§ **Records supplied**:
········

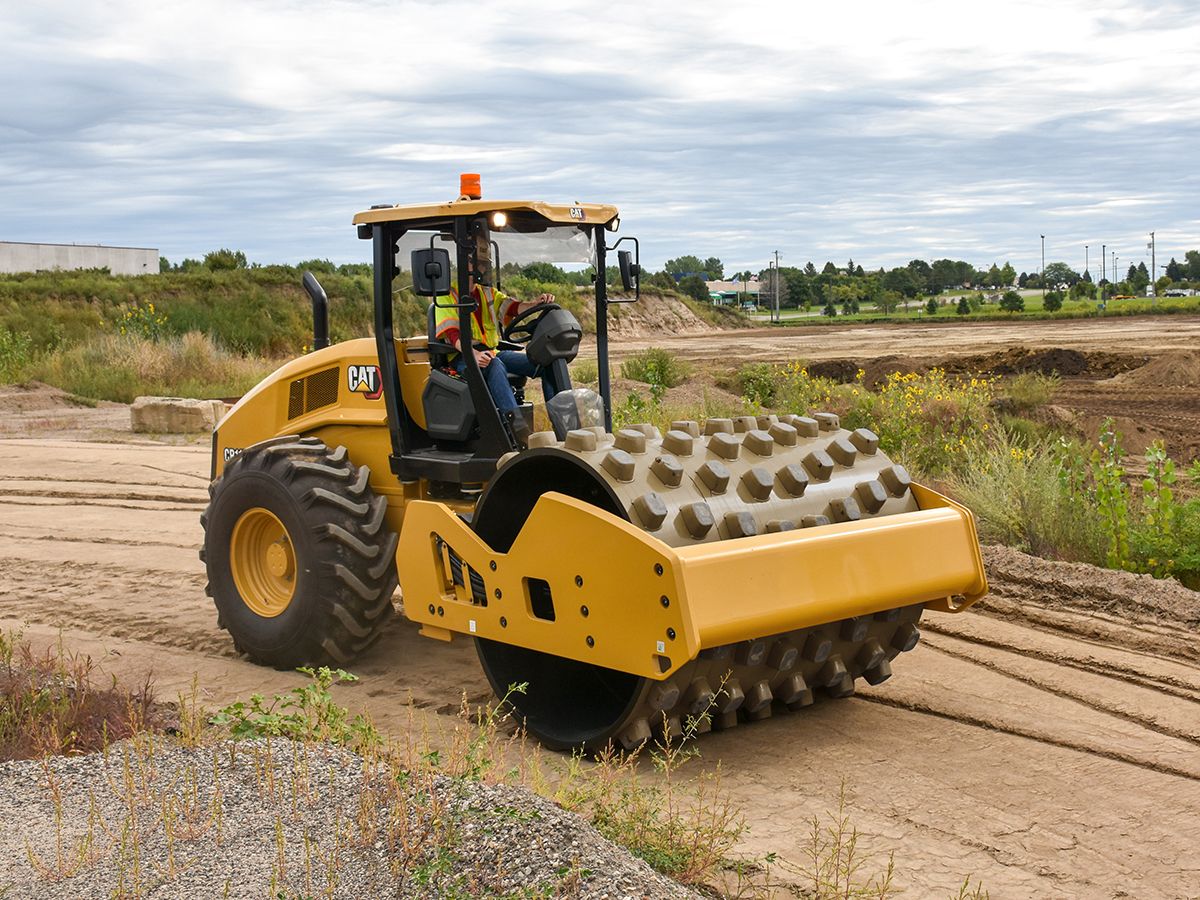 Cat CP11 GC vibratory soil compactor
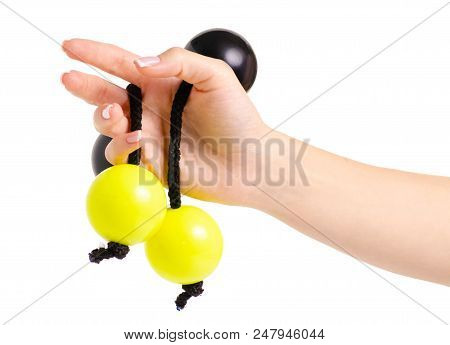 Patica In Hand On White Background Isolation
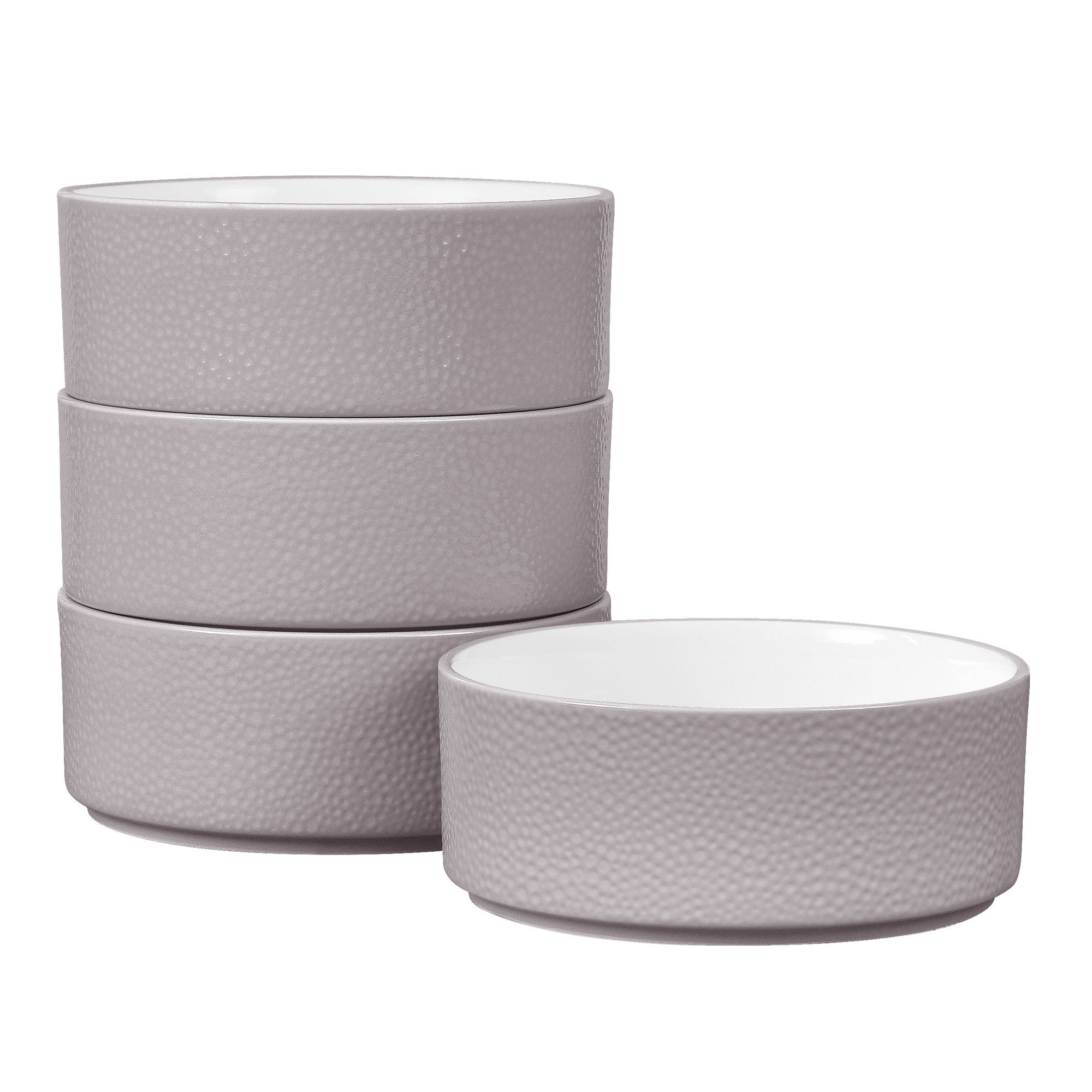 Noritake Colortex Stone Stax Cereal Bowls, 6", 20 Oz., Taupe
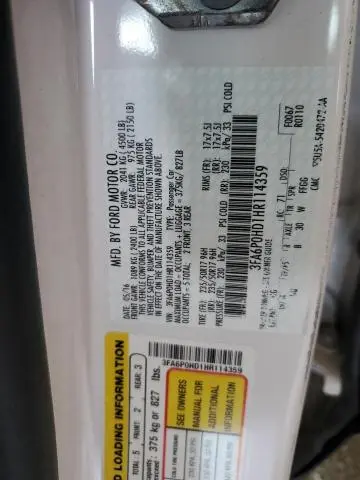 2017 FORD FUSION SE  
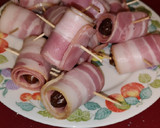 Foto del paso 1 de la receta: Rollos de dátil con bacon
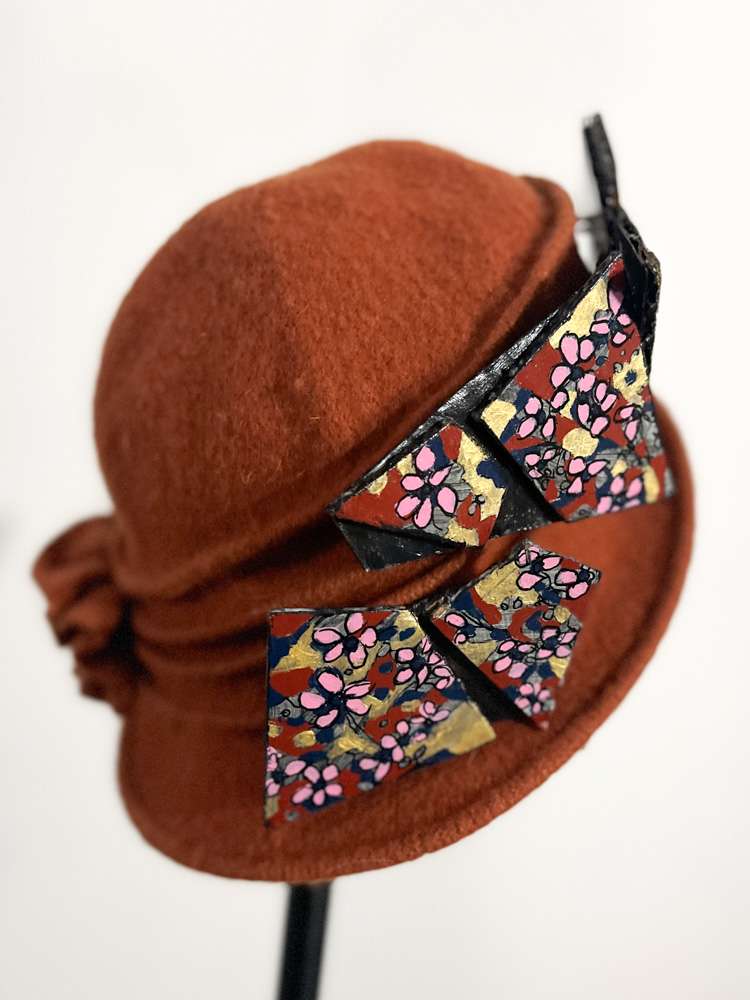 Eco-conscious Fashion Art Pin - Flower Design #4 - Image 2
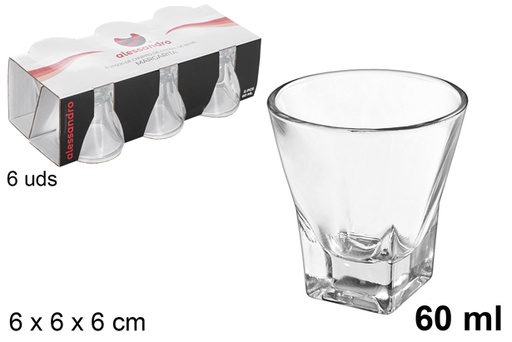 [103214] Pack 6 Margarita shot glass 60 ml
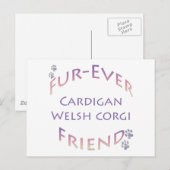 Cardigan Welsh Corgi Furever Briefkaart (Voorkant / Achterkant)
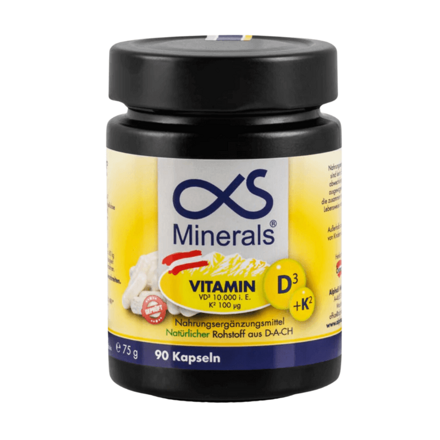 AlphaS Minerals prírodný vitamín D3 + K2 110 kapsúl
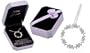 MOM Forever Crystal Infinity Circle Necklace - Gift Boxed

········

§ **Task objective**: The expected answer is the whole listing above, copied exactly, with images excluded.

§ **Written answer**:
 Cat CP11 GC vibratory soil compactor
 Patica In Hand On White Background Isolation
 Noritake Colortex Stone Stax Cereal Bowls, 6", 20 Oz., Taupe
 2017 FORD FUSION SE  
 Foto del paso 1 de la receta: Rollos de dátil con bacon
 Eco-conscious Fashion Art Pin - Flower Design #4 - Image 2
 [103214] Pack 6 Margarita shot glass 60 ml
 Cardigan Welsh Corgi Furever Briefkaart (Voorkant / Achterkant)
 AlphaS Minerals prírodný vitamín D3 + K2 110 kapsúl
 MOM Forever Crystal Infinity Circle Necklace - Gift Boxed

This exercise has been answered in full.